Description of the task. Between the line containing "Wide Waistband Cropped" and the line containing "Schlaf-/Arbeitszimmer 2" lies a run of lines; give that run again exactly, with both of those lines, and nothing else from the entries below.

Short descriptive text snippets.
^^^^

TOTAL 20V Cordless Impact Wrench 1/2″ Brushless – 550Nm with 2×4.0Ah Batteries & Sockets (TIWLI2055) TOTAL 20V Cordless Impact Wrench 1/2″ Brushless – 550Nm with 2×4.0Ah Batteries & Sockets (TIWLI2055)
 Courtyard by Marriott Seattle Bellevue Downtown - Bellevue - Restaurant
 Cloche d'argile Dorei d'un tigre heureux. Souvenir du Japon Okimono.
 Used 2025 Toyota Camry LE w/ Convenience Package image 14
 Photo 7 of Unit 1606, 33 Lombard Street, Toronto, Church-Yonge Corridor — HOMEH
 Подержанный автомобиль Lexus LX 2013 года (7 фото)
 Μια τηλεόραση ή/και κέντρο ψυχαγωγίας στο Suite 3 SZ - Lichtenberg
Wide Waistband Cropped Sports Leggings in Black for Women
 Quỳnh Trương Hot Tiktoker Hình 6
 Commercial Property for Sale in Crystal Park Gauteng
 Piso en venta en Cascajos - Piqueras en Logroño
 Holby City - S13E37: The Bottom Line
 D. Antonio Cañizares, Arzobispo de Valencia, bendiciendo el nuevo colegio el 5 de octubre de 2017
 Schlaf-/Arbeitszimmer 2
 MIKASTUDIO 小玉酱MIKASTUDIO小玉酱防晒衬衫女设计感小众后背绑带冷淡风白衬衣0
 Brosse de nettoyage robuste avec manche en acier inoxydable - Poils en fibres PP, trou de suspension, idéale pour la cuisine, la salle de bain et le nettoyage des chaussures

^^^^

Solution for this exercise.
Wide Waistband Cropped Sports Leggings in Black for Women
 Quỳnh Trương Hot Tiktoker Hình 6
 Commercial Property for Sale in Crystal Park Gauteng
 Piso en venta en Cascajos - Piqueras en Logroño
 Holby City - S13E37: The Bottom Line
 D. Antonio Cañizares, Arzobispo de Valencia, bendiciendo el nuevo colegio el 5 de octubre de 2017
 Schlaf-/Arbeitszimmer 2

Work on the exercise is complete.